Bij de instelling van deze rechten in 2018 werden de subsidies omgerekend in specifieke rechten op basis van de petprijzen van de medewerkende producenten-exporteurs in het tijdvak van het nieuwe onderzoek, namelijk van 1 april 2016 tot en met 31 maart 2017. Die prijzen waren in dat tijdvak vrij laag, variërend van ongeveer 730 tot 815 EUR per ton, afhankelijk van de producent-exporteur. Volgens het nieuwe onderzoek bij het vervallen van de maatregelen in 2019 was de gemiddelde invoerprijs van pet uit India in 2016 namelijk bijzonder laag, namelijk 776 EUR per ton (18). Dit waren de laagste gemiddelde jaarlijkse prijzen gedurende het gehele tijdvak dat in die verordening is beoordeeld (1 januari 2014 tot en met 31 maart 2018).
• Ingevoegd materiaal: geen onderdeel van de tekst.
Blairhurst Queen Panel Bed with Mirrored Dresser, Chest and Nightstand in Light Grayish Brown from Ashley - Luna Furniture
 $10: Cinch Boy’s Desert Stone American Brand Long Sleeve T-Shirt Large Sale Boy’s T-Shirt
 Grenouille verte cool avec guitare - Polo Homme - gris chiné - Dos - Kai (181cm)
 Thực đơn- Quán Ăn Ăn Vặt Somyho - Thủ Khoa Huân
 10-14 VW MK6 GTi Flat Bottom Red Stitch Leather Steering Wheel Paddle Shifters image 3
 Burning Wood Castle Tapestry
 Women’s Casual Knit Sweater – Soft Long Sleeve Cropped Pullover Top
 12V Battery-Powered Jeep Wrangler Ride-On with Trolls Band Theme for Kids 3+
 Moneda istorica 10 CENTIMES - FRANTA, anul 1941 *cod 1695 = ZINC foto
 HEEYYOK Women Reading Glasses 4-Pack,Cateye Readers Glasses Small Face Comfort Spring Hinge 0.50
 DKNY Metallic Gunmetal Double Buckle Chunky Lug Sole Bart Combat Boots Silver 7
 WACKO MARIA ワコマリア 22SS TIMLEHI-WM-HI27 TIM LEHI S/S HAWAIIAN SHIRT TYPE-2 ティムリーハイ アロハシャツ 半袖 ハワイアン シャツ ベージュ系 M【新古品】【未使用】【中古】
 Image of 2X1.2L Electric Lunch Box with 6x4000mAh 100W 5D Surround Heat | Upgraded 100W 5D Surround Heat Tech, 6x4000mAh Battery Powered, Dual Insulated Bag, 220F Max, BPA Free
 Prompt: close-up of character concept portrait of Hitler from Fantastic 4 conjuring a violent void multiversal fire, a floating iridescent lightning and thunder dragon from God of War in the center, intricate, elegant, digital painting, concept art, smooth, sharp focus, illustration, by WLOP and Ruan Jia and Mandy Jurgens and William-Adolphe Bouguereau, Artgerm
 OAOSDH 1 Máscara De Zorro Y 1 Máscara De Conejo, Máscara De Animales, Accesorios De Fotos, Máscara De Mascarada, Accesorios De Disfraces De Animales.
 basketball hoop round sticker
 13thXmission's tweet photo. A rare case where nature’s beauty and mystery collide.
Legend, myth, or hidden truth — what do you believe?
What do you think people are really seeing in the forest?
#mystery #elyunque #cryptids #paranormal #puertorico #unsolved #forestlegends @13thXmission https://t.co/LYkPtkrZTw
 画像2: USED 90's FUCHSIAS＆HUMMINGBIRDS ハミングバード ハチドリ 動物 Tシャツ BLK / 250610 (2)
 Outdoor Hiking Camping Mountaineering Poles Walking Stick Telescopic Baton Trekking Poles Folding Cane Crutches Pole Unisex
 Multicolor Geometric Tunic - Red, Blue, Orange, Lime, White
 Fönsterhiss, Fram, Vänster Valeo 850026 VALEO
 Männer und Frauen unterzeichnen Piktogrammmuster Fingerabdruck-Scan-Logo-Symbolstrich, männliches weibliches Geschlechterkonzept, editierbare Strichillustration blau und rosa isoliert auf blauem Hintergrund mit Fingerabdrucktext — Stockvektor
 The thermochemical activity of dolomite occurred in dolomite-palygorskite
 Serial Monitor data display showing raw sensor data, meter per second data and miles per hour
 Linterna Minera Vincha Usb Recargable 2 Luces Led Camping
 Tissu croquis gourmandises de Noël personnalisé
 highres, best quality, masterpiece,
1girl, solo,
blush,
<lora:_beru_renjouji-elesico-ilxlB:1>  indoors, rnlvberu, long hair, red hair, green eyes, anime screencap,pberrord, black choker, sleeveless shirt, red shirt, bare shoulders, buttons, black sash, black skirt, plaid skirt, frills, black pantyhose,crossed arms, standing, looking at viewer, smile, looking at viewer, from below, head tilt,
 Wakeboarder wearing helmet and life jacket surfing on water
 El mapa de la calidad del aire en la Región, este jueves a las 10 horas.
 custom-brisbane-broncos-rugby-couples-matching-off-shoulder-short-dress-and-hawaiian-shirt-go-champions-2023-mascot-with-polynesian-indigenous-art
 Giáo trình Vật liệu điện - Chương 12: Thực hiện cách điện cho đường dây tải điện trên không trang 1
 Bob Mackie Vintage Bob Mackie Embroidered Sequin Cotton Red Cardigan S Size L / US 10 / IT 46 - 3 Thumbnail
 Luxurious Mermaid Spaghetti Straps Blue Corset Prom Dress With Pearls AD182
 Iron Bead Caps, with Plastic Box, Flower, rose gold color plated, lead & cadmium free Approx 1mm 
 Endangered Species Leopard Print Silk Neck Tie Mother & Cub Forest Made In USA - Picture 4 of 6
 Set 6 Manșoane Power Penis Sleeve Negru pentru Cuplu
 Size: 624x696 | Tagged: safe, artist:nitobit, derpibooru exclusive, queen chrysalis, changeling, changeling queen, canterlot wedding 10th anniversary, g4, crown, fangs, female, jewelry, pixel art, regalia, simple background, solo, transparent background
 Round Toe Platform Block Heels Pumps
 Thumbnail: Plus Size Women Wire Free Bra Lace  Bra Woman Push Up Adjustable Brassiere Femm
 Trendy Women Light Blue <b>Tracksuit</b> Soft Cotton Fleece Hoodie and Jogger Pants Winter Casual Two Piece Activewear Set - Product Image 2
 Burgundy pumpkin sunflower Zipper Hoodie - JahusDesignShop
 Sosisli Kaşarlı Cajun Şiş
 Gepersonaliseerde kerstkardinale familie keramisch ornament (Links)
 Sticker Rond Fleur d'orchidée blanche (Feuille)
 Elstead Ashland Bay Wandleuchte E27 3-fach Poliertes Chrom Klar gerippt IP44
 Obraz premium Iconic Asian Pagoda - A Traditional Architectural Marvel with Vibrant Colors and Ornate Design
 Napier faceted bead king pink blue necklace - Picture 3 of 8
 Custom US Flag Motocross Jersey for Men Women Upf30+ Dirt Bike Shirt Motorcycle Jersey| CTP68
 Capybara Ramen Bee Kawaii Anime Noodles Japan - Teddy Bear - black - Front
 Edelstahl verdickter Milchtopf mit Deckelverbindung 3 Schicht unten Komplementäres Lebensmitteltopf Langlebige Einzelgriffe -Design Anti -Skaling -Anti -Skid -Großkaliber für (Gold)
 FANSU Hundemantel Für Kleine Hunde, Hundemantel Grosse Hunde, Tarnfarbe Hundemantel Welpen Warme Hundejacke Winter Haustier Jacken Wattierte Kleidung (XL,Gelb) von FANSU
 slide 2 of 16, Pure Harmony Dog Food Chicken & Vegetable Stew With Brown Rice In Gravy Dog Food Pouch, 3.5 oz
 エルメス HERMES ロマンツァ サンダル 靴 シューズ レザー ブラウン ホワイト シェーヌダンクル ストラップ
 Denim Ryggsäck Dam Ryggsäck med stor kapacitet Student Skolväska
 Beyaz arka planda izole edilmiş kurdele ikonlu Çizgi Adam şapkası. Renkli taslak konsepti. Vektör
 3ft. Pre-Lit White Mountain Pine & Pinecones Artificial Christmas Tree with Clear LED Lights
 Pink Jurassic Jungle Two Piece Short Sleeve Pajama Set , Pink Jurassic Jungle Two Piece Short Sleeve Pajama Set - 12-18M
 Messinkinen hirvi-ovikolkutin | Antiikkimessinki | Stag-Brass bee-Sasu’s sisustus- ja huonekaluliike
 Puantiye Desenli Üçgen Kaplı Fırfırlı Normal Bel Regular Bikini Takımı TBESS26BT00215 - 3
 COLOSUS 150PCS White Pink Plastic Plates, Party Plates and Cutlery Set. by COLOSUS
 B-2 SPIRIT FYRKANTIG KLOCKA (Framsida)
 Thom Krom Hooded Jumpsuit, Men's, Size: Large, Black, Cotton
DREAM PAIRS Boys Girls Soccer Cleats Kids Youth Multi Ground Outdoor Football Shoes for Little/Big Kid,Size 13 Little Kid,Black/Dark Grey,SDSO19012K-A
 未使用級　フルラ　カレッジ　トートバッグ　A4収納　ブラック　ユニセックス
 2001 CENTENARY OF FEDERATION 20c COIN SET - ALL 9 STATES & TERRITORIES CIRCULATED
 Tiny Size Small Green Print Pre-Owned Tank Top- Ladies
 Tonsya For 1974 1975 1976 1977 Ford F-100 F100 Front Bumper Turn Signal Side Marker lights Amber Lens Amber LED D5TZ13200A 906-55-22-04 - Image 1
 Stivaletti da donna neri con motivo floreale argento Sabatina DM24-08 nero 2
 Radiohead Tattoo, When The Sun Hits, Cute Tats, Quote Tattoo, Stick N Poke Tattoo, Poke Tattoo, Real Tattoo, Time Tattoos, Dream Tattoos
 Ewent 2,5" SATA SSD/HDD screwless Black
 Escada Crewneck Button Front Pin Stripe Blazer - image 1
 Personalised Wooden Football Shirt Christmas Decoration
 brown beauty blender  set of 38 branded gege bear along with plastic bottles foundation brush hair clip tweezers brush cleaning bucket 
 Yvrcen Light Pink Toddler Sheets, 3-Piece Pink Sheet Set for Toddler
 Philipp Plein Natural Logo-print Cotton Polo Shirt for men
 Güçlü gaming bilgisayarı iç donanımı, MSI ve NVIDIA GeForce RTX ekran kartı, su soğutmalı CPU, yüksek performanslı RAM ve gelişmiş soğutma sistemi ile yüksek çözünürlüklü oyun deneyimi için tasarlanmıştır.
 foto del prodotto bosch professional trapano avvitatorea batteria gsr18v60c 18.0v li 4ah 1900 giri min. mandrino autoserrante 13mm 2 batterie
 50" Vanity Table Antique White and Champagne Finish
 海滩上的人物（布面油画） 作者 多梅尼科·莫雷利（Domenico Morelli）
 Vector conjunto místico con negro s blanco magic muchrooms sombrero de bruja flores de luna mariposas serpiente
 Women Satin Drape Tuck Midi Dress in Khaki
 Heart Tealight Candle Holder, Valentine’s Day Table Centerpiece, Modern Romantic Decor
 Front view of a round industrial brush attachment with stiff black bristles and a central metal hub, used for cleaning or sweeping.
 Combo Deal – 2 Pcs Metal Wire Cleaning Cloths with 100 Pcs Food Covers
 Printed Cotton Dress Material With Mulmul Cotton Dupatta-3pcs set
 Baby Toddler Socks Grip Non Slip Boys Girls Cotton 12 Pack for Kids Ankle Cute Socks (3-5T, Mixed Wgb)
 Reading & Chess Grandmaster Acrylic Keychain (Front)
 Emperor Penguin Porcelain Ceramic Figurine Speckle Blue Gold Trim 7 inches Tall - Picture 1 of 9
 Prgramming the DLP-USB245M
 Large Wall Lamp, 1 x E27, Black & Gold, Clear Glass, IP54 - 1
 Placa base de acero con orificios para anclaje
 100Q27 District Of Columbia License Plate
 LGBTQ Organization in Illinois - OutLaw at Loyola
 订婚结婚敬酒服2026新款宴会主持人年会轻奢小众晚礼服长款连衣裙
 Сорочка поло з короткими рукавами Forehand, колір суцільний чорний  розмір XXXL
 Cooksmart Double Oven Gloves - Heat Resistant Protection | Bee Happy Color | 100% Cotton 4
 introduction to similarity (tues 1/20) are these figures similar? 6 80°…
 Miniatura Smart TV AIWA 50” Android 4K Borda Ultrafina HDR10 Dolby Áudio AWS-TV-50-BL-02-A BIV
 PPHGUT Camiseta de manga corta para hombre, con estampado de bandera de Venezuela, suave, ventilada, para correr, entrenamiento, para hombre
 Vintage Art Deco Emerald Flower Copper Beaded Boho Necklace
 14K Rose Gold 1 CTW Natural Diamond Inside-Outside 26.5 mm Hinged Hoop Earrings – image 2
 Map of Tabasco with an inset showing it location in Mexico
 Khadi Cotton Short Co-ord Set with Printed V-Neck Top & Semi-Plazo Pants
De gemiddelde invoerprijs van pet uit India in het tijdvak van het nieuwe onderzoek in verband met het vervallen van de maatregelen van 2019 (1 april 2017 tot en met 31 maart 2018), de meest recente periode die de Commissie in het kader van de invoer van pet uit India heeft onderzocht, bedroeg 916 EUR per ton (19). Aangezien de subsidiëring van de invoer van pet uit India, zoals vermeld in overweging 32, evenredig is aan de uitvoerprijs, zijn de specifieke rechten die zijn berekend op basis van de prijzen van 1 april 2016 tot en met 31 maart 2017 ontoereikend om de subsidiëring te compenseren die is verleend op basis van de prijzen van 1 april 2017 tot en met 31 maart 2018.

(34)

De Commissie was derhalve van oordeel dat, wegens de aard van deze specifieke subsidiëring, specifieke rechten ontoereikend kunnen zijn om deze te compenseren, zoals voorgeschreven in artikel 1, lid 1, van de basisverordening. Ad‐valoremrechten zijn voor dit doel geschikter.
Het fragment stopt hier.